EXTRACTED DATA →
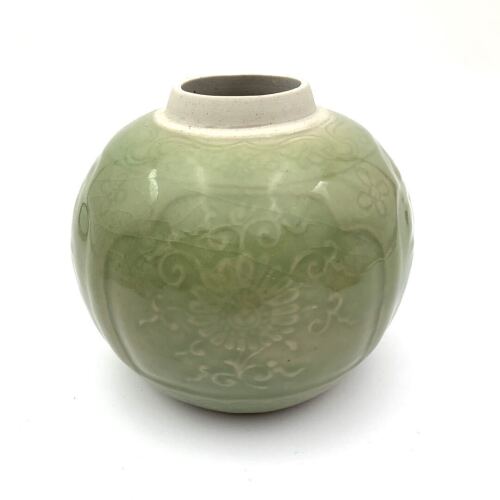 A Chinese Celadon Glazed Incised Jar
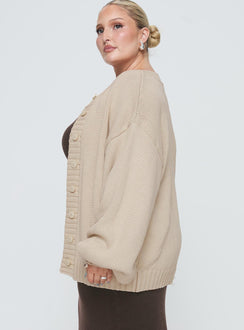 side view of model wearing Princess Polly Edern Cardigan Cream Curve Long 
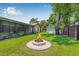 Well-maintained backyard with lush grass, storage shed, and brick-lined fire pit at 9981 58Th N St, Pinellas Park, FL 33782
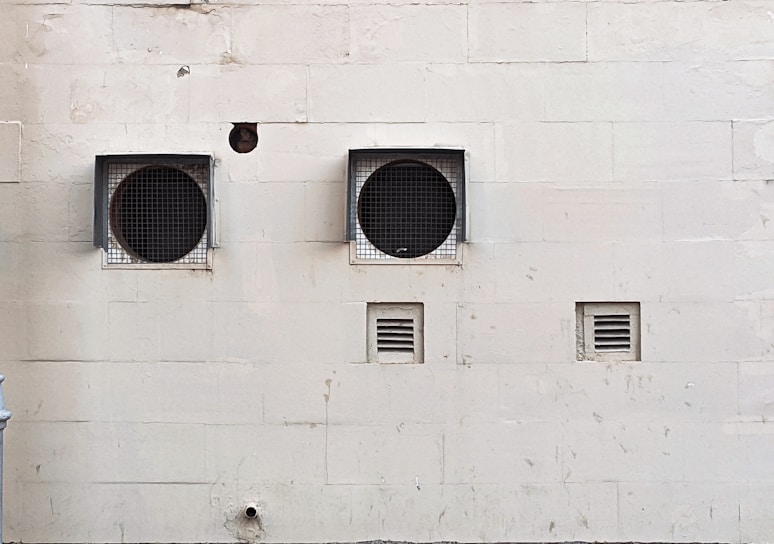 A weathered beige wall with two large circular ventilation openings covered by metal grilles. Below, there are two smaller rectangular vents. The wall has visible stains and marks, giving it an aged appearance.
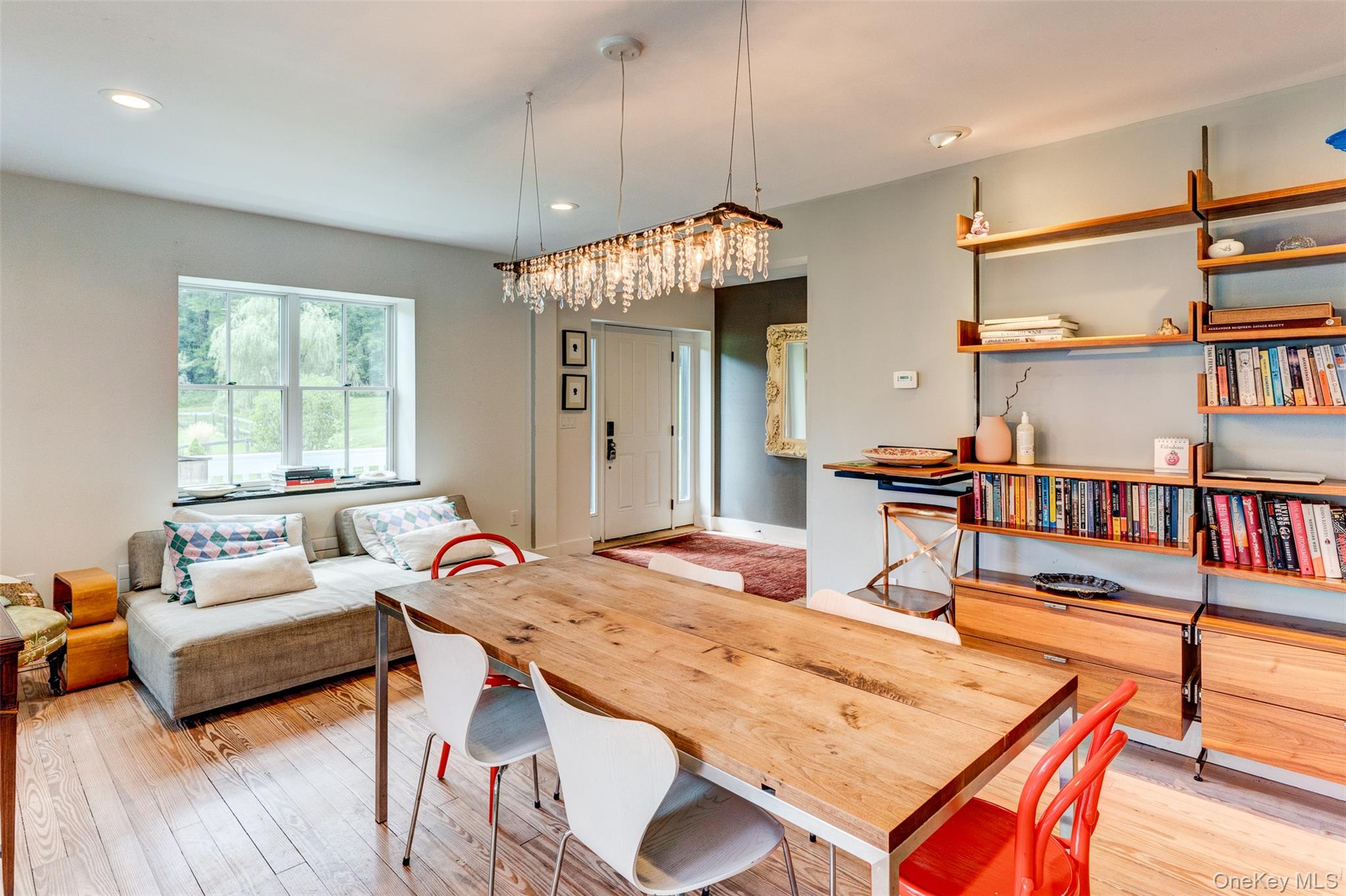 39 Deep Hollow Hill Road Narrowsburg, NY 12764 - Photo 13 of 47 a dining room with furniture and a book shelf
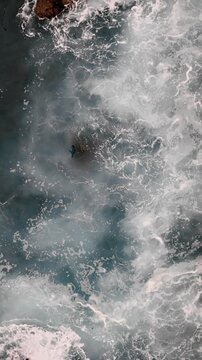 Top view of sea surface with breaking waves and foam, abstract water movement texture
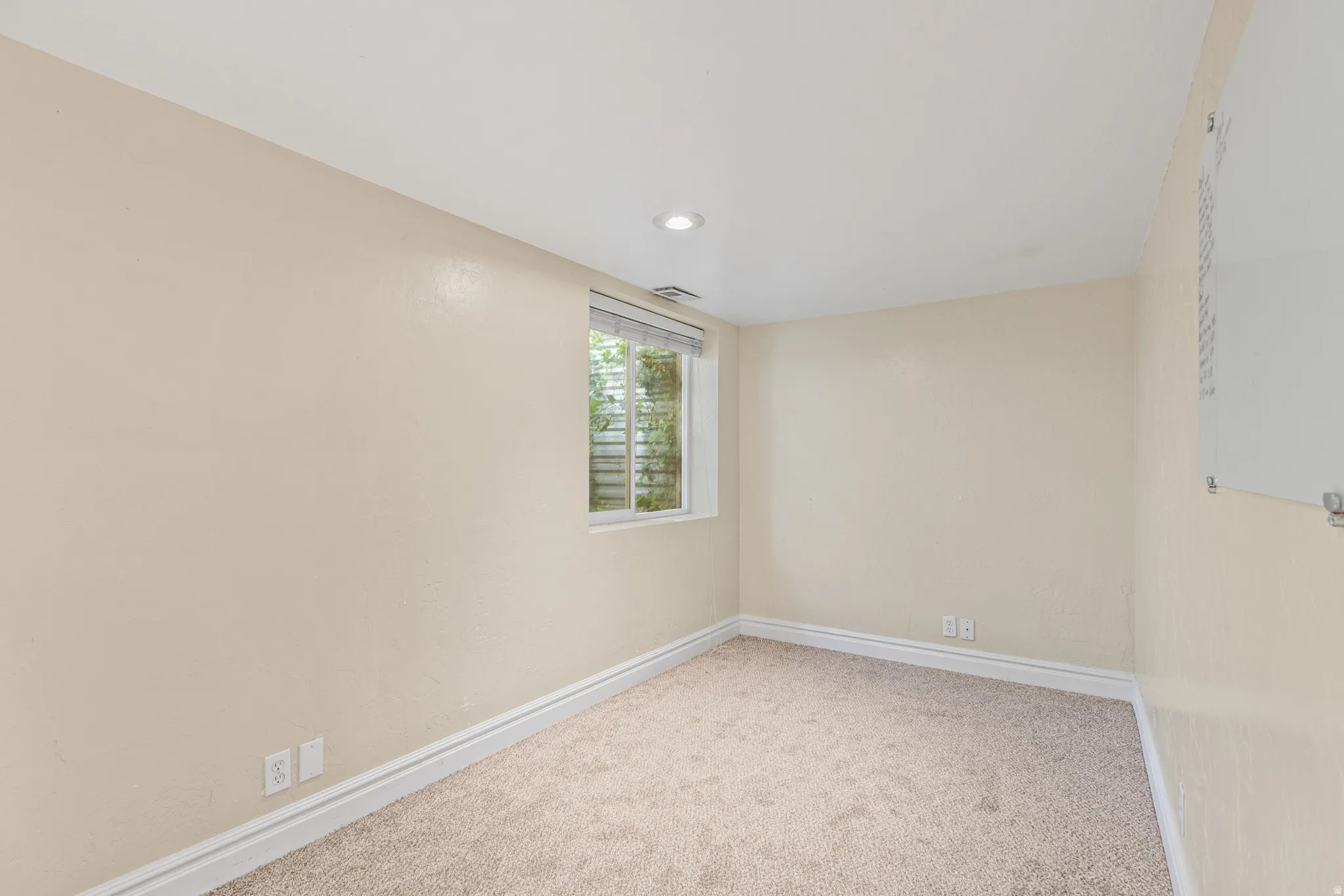 Recessed ceiling lighting, a window with exterior foliage, neutral-toned walls, and plush carpeting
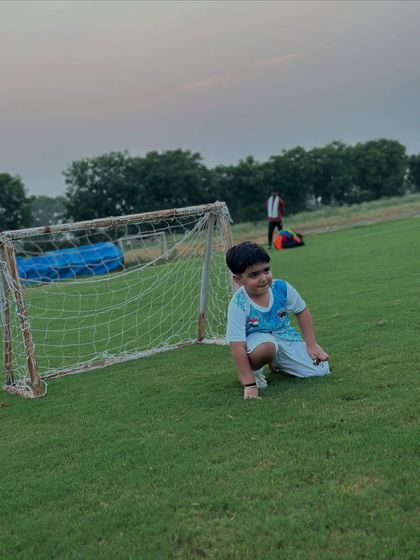 The joy of being on the field. One of our youngest members celebrating near the goal post during a fun training session.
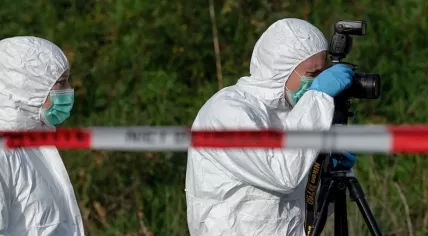 Dutch police: Forensic investigators standing behind crime scene tape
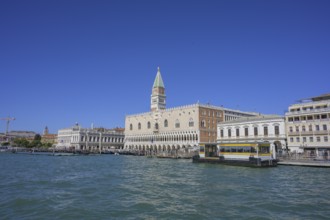 Vaporetto landing stage S Zaccaria behind St Mark's Square tower and Palazzo Ducale, Venice,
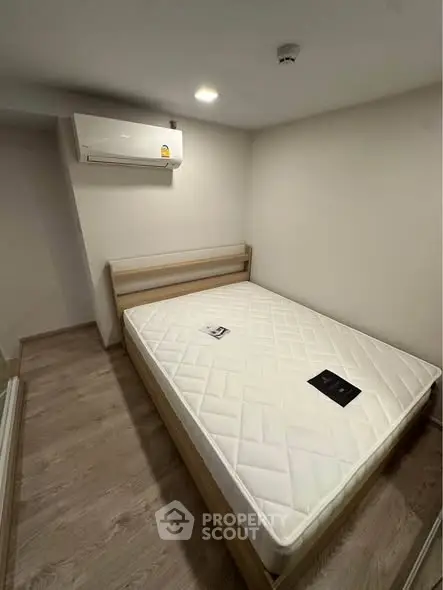 Cozy bedroom with wooden flooring and air conditioning, featuring a comfortable bed.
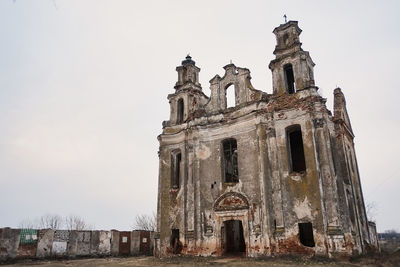 Low angle view of old building against sky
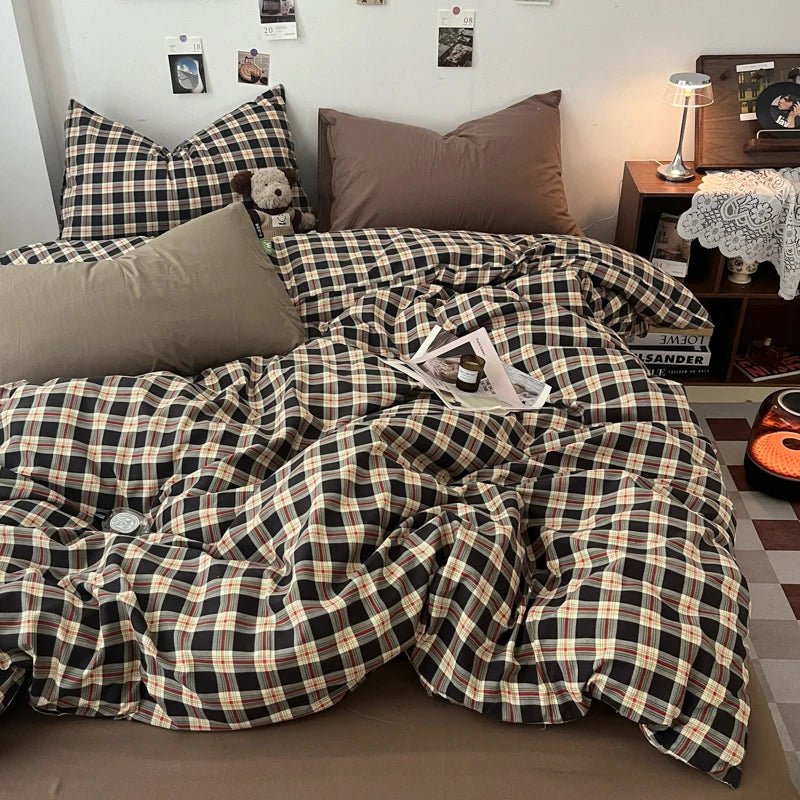 A plaid duvet cover set featuring black and tan checks is displayed on a bed with pillows.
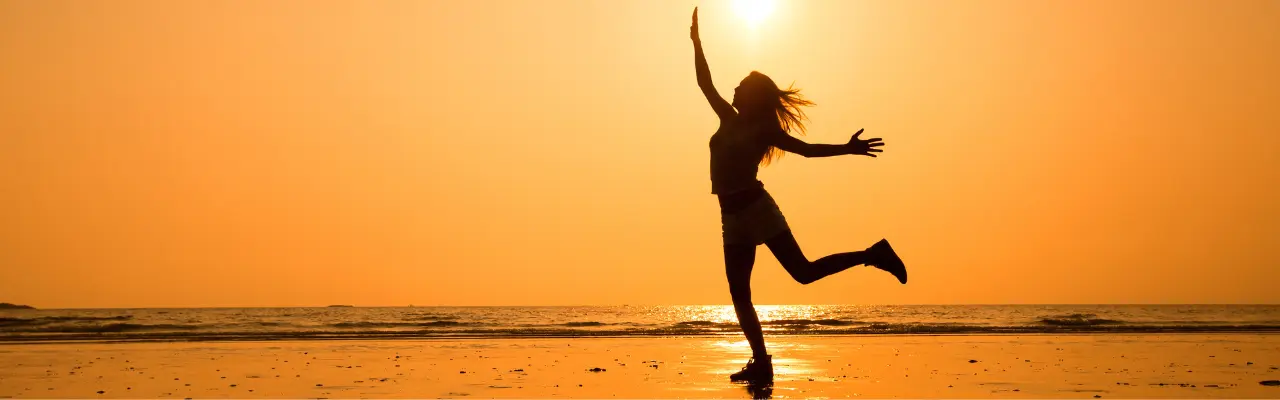 Silhouette d'une femme sautant de joie sur une plage au coucher du soleil, symbolisant la clarté mentale et la réussite d'un changement de vie.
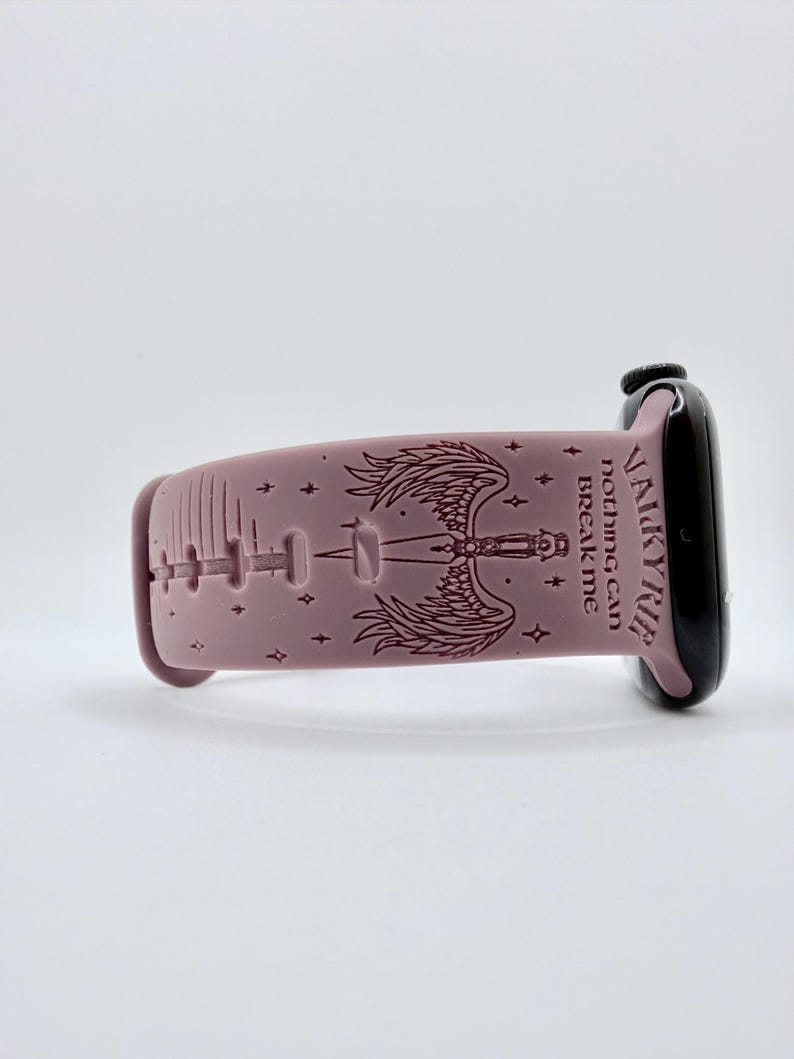 May include: A dusty rose silicone watch band featuring a dark engraved design of a sword with wings, small stars, and the text VALKYRIE nothing can BREAK me. The band is attached to a black smartwatch case with a side dial visible on the right.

EXERCISE OBJECTIVE →
In the data above, find the line with "Cozy bedroom with" and repeat it and every line after it through the end, exactly; leave the pictures out.

EXERCISE RESULT →
 Cozy bedroom with wooden flooring and air conditioning, featuring a comfortable bed.
 Low angle view of old building against sky
 A plaid duvet cover set featuring black and tan checks is displayed on a bed with pillows.
 Silhouette d'une femme sautant de joie sur une plage au coucher du soleil, symbolisant la clarté mentale et la réussite d'un changement de vie.
 May include: A dusty rose silicone watch band featuring a dark engraved design of a sword with wings, small stars, and the text VALKYRIE nothing can BREAK me. The band is attached to a black smartwatch case with a side dial visible on the right.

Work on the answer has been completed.